If, at decision block 440, the computing system 100 determines that stored delta values applicable to the tuned model 430 are available, the example process flow 400 proceeds to decision block 480 where the computing system 100 determines whether alignment data used in performing the formal alignment operation involved in the generating of the applicable delta values has changed since the formal alignment operation was performed. In some implementations, the computing system 100 may determine whether the alignment data has changed based on a single metadata bit associated with the stored delta values, where the bit is automatically changed to “1” when the alignment data used during the process of generating the delta values changes. In some other implementations, the computing system 100 may directly determine whether the alignment data has changed based on obtaining alignment data snapshots 488 from the model repository 410, where a first snapshot represents the alignment data at a time of the performance of the formal alignment operation, and a second snapshot represents the current alignment data. Thereafter, the computing system 100 may determine whether the alignment data has changed based on whether the first snapshot matches the second snapshot.

If, at decision block 480, it is determined that the alignment data has changed, the example process flow 400 proceeds to block 450 and continues in the manners described above.

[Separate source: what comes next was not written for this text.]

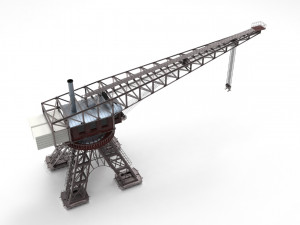 crane harbor 3D Model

In some implementations, if the alignment data has changed, the computing system 100 also determines whether the alignment data has changed by more than a threshold level of change, and selectively proceeds to block 450 from decision block 480 based on whether the alignment data has changed by more than the threshold level of change.

If, at decision block 480, the computing system 100 determines that the alignment data has not changed (at least by the threshold level of change), the example process flow 400 proceeds to block 490, where the parameters 432 of the tuned model 430 are adjusted so as to generate an aligned model 494, such as by using the applicable delta values in conjunction with one or more of the techniques described in connection with the adjustment module 180 of FIG. 1. The aligned model 494 may be one example of the aligned model 250 of FIG. 2 and/or the aligned model 380 of FIG. 3.

FIG. 5 shows an example process flow 500 for aligning an update model, according to some implementations, and may be performed by a computing system, such as the computing system 100 described with respect to FIG. 1. The example process flow 500 shows a knowledge base 520 and a model repository 540, which may be examples of the knowledge base 138 and the model repository 134 described with respect to FIG. 1, respectively.

The example process flow 500 starts at block 510 by performing a supervised fine-tuning (SFT) operation on a pretrained model 508. The pretrained model 508 may be an example of the pretrained model 340 described with respect to FIG. 3, and the SFT operation may be an example of one of the task-based fine-tuning techniques described with respect to FIG. 1. For example, a tuning engine (e.g., the tuning engine 150 described with respect to FIG. 1) may perform the SFT operation to fine-tune the pretrained model 508 to perform Task A based on tuning data 514 received from knowledge base 520, where the tuning data 514 is labeled and relevant to Task A.

The example process flow 500 continues at block 530 by performing a direct preference optimization (DPO) operation on the model, where the DPO operation may be an example of one of the formal alignment operations described herein. For example, an alignment engine (e.g., the alignment engine 160 described with respect to FIG. 1) may perform the DPO operation to align an expected output of the model with one or more tone, voice, safety, and/or ethical preferences indicated by alignment data 534. The alignment data 534 may be labeled and obtained from the model repository 540. Parameters 528 of the model may be extracted prior to the DPO operation performed at block 530, and parameters 542 of the model may be stored after the DPO operation performed at block 530. The parameters 528 and the parameters 542 may be examples of the first set of parameters 368 and the second set of parameters 388 described with respect to FIG. 3, respectively. Delta values 544 may be generated based on parameters 528 and parameters 542, such as in one or more of the manners described with respect to the delta values 394 of FIG. 3. In some instances, the delta values 544 are stored in the model repository 540.

As a result of the SFT operation performed at block 510 and the DPO operation performed at block 530, the pretrained model 508 is transformed into model 1.0 548, now fine-tuned to perform Task A and formally aligned to generate output that aligns with the one or more tone, voice, safety, and/or ethical preferences indicated by the alignment data 534.

The horizontal dotted line indicates a passage of time during which additional and/or different tuning data associated with Task A may become available, thus motivating a desire to update model 1.0 548 with the new tuning data. Notably, although the task-based tuning data associated with Task A may change frequently over time, it will be understood that the alignment data-indicative of the tone, voice, safety, and/or ethical preferences—is less likely to change over time. Accordingly, the example process flow 500 continues at block 560 by performing an SFT operation on the model 1.0 548. For example, the tuning engine 150 may perform the SFT operation to further fine-tune the model 1.0 548 to more effectively perform Task A based on new tuning data 564 obtained from knowledge base 520.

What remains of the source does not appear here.